How much capacity must exit the market before supply and demand move back to a closer alignment? Some experts believe truckload capacity and freight demand already are closer to an equilibrium than they’ve been since 2017 and that a surge in demand could tip the balance. Others think trucking’s supply-demand gap will take more time to close.
“Incremental capacity brought into the market during the 2017 and 2018 investment binge is going underutilized, especially across the secondary truck market,” Chris Pickett, chief strategy officer Coyote Logistics, told JOC.com. “Cost pressures are forcing trucking companies, especially small carriers, to either exit the market or merge.”
There’s no doubt that truckload capacity has been exiting the market, but capacity also has been entering the market. More than 21,000 new motor carriers registered with the US Department of Transportation as for-hire, active carriers from June 2018 through June 2019. More than 16,500 of them were one- to six-truck fleets, according to QualifiedCarriers.com.
“Persistent oversupply of capacity” is how Schneider National CEO Mark Rourke described 2019 in a third-quarter earnings call. He said 2019 “has lacked the typical seasonal patterns of capacity tightening due to things like spring, produce, or summer beverage seasons.” Schneider did see a pickup in September and October, but Rourke characterized it as “well below the frothy conditions of last year.”
Slamming on the brakes
Truck orders and production are about to drop after two booming years. In 2019, US and Canadian companies bought between 310,000 and 320,000 Class 8 trucks, according to Paccar, which makes Kenworth- and Peterbilt-brand trucks. The manufacturer expects Class 8 retail sales in 2020 to drop to a range of 230,000 to 260,000 trucks, which it said is “in line with normal replacement demand.”
Going into 2020, “there is a bit more tension around the supply side,” Rourke said. If rates are to increase next year, “the supply side will be the key catalyst.” Shippers can expect large truckload carriers such as Schneider to manage capacity carefully. That may mean a reduction in fleet sizes — already under way at some large companies — or very targeted additions.
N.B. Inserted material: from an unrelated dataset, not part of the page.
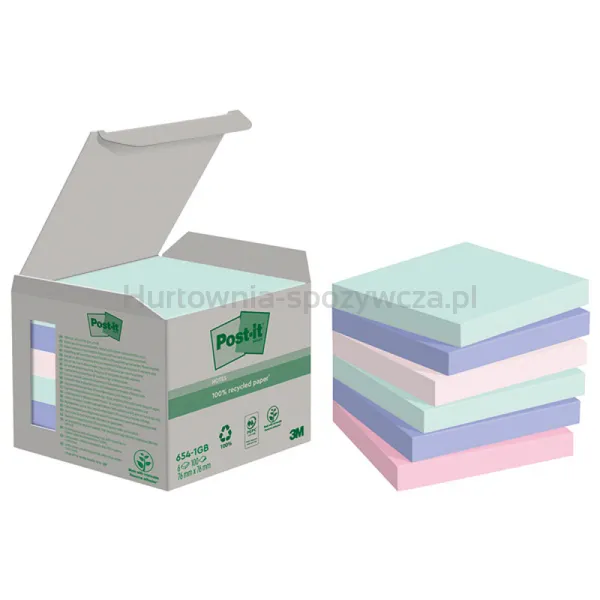 Ekologiczne Karteczki Samoprzylepne Post-It®, Nature, Pastelowe, 76X76Mm, 6X100 Kart.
“I wouldn’t see us, at this juncture, putting a lot of growth into the for-hire network,” Rourke said. “It would be more in those specialty areas,” such as dedicated carriage and bulk tank truck.
The JOC Truckload Capacity Index (TCI) confirms large carriers have curbed their previously rapid fleet expansion. The JOC TCI carriers increased their combined tractor count only 0.7 percent year over year in the third quarter, in effect barring the gates against new trucks. That compares with an annualized tractor count increase of 9.1 percent in the first quarter.
Trucking companies aren’t likely to cut their way to pricing power. And the rate increases predicted by DAT, for example, are a far cry from the double-digit pricing surge of 2018. What seems to be taking shape is a more normal truckload market in 2020 after two highly abnormal years in 2018 and 2019 — barring an economic recession that, while possible, is not expected.
One challenge remains for all carriers: finding and keeping an adequate supply of experienced, qualified truck drivers. Various factors, including a national drug test information clearinghouse and rising insurance rates, will keep pressure on carriers to raise truck driver wages and experiment with apprentice programs to attract potential younger drivers.
Whether a carrier has three trucks or 3,000, good drivers apparently are difficult to find. The rising cost of recruiting and keeping them ultimately will rebound to the shipper in the form of higher rates, even when freight demand is soft. Shippers can expect rising operating costs to be flagged by providers as the predominant reason for truckload rate increases in 2020.